[Stored data]
▶
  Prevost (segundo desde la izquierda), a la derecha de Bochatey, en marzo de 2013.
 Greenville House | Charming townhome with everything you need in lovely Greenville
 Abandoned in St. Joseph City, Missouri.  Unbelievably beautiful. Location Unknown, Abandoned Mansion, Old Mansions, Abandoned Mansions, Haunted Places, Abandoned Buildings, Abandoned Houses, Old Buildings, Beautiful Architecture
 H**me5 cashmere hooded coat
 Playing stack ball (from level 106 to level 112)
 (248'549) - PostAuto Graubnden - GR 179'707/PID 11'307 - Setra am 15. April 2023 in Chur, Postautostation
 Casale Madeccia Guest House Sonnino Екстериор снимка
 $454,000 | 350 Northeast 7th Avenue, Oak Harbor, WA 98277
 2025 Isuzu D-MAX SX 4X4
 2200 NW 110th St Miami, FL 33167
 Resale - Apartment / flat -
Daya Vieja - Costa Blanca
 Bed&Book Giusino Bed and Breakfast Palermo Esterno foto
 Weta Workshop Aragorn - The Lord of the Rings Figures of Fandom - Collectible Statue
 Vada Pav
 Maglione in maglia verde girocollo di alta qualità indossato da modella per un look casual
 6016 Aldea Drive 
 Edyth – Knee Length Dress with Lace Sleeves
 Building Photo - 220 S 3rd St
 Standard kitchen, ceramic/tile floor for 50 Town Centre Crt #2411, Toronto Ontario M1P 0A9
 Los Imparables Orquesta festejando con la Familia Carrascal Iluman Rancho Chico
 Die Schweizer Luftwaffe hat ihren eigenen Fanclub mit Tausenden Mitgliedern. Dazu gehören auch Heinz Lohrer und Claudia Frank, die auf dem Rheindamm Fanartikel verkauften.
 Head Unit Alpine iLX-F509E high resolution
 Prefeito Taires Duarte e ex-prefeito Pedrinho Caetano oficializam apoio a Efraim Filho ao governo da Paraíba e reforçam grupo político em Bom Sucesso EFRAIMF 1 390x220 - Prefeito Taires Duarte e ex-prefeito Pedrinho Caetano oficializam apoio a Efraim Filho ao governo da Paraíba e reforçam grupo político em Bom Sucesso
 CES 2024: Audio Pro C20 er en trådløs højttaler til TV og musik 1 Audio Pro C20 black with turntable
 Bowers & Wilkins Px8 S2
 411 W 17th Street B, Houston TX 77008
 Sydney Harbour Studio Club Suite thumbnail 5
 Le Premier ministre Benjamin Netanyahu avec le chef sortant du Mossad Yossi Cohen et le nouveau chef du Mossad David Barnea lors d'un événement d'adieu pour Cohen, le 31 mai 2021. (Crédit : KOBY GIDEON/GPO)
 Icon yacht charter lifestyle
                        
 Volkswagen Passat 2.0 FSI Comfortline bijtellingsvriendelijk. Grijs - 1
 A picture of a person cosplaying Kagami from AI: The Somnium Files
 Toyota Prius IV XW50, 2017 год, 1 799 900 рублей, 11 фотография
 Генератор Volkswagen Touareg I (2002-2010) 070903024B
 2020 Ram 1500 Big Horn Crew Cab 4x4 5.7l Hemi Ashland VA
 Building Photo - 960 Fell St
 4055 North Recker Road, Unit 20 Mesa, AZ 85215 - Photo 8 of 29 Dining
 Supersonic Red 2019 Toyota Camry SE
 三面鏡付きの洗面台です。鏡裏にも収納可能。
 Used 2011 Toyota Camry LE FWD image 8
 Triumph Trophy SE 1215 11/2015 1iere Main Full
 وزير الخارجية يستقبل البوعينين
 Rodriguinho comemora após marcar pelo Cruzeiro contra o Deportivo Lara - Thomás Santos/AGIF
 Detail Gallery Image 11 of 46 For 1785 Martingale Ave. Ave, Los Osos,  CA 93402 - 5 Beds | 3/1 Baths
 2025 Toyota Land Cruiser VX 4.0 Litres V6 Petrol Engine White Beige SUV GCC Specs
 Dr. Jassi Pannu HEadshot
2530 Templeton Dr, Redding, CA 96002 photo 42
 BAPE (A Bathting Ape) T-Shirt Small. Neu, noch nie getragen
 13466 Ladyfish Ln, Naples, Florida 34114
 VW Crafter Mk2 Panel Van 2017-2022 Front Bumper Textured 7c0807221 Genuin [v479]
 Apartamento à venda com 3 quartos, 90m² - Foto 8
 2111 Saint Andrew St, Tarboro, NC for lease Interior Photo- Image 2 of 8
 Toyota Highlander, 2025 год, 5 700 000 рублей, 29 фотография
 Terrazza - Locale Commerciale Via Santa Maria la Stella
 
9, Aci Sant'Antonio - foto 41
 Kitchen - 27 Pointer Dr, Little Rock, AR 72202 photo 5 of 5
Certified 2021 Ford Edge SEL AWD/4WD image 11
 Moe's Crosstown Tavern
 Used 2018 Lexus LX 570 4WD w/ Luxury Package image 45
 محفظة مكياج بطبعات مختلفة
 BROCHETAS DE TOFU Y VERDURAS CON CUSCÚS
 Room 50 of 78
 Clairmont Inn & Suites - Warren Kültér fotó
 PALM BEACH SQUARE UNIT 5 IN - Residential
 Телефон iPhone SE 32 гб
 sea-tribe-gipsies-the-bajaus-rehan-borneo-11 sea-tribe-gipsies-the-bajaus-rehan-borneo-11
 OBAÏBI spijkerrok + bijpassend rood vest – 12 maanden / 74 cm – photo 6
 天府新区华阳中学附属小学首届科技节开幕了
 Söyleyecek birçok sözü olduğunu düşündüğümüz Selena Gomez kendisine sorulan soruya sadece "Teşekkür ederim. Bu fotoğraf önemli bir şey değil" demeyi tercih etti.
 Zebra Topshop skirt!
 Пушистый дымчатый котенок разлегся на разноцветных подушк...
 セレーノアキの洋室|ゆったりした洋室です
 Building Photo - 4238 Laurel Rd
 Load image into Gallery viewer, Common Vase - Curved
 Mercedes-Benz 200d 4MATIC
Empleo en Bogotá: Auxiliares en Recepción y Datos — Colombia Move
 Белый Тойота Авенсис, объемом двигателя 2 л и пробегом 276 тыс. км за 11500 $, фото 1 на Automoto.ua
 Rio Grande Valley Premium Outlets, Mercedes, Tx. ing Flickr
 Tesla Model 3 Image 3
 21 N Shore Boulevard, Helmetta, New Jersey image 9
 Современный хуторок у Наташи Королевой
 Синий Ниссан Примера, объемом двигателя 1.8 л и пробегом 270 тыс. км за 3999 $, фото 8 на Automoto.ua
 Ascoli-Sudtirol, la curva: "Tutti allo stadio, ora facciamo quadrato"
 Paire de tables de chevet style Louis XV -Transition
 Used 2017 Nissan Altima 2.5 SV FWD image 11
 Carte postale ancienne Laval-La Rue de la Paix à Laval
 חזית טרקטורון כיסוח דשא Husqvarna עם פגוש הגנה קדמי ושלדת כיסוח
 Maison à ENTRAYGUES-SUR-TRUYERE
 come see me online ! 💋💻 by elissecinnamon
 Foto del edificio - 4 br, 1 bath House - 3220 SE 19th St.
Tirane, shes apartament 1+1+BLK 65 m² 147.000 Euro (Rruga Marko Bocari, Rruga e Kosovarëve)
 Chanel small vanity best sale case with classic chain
◀
**Your instructions:**
Using the data above, repeat exactly the lines that begin at the line with "Greenville House |" and end at the line with "Sydney Harbour Studio Club Suite thumbnail 5", both ends included.

**Task response:**
 Greenville House | Charming townhome with everything you need in lovely Greenville
 Abandoned in St. Joseph City, Missouri.  Unbelievably beautiful. Location Unknown, Abandoned Mansion, Old Mansions, Abandoned Mansions, Haunted Places, Abandoned Buildings, Abandoned Houses, Old Buildings, Beautiful Architecture
 H**me5 cashmere hooded coat
 Playing stack ball (from level 106 to level 112)
 (248'549) - PostAuto Graubnden - GR 179'707/PID 11'307 - Setra am 15. April 2023 in Chur, Postautostation
 Casale Madeccia Guest House Sonnino Екстериор снимка
 $454,000 | 350 Northeast 7th Avenue, Oak Harbor, WA 98277
 2025 Isuzu D-MAX SX 4X4
 2200 NW 110th St Miami, FL 33167
 Resale - Apartment / flat -
Daya Vieja - Costa Blanca
 Bed&Book Giusino Bed and Breakfast Palermo Esterno foto
 Weta Workshop Aragorn - The Lord of the Rings Figures of Fandom - Collectible Statue
 Vada Pav
 Maglione in maglia verde girocollo di alta qualità indossato da modella per un look casual
 6016 Aldea Drive 
 Edyth – Knee Length Dress with Lace Sleeves
 Building Photo - 220 S 3rd St
 Standard kitchen, ceramic/tile floor for 50 Town Centre Crt #2411, Toronto Ontario M1P 0A9
 Los Imparables Orquesta festejando con la Familia Carrascal Iluman Rancho Chico
 Die Schweizer Luftwaffe hat ihren eigenen Fanclub mit Tausenden Mitgliedern. Dazu gehören auch Heinz Lohrer und Claudia Frank, die auf dem Rheindamm Fanartikel verkauften.
 Head Unit Alpine iLX-F509E high resolution
 Prefeito Taires Duarte e ex-prefeito Pedrinho Caetano oficializam apoio a Efraim Filho ao governo da Paraíba e reforçam grupo político em Bom Sucesso EFRAIMF 1 390x220 - Prefeito Taires Duarte e ex-prefeito Pedrinho Caetano oficializam apoio a Efraim Filho ao governo da Paraíba e reforçam grupo político em Bom Sucesso
 CES 2024: Audio Pro C20 er en trådløs højttaler til TV og musik 1 Audio Pro C20 black with turntable
 Bowers & Wilkins Px8 S2
 411 W 17th Street B, Houston TX 77008
 Sydney Harbour Studio Club Suite thumbnail 5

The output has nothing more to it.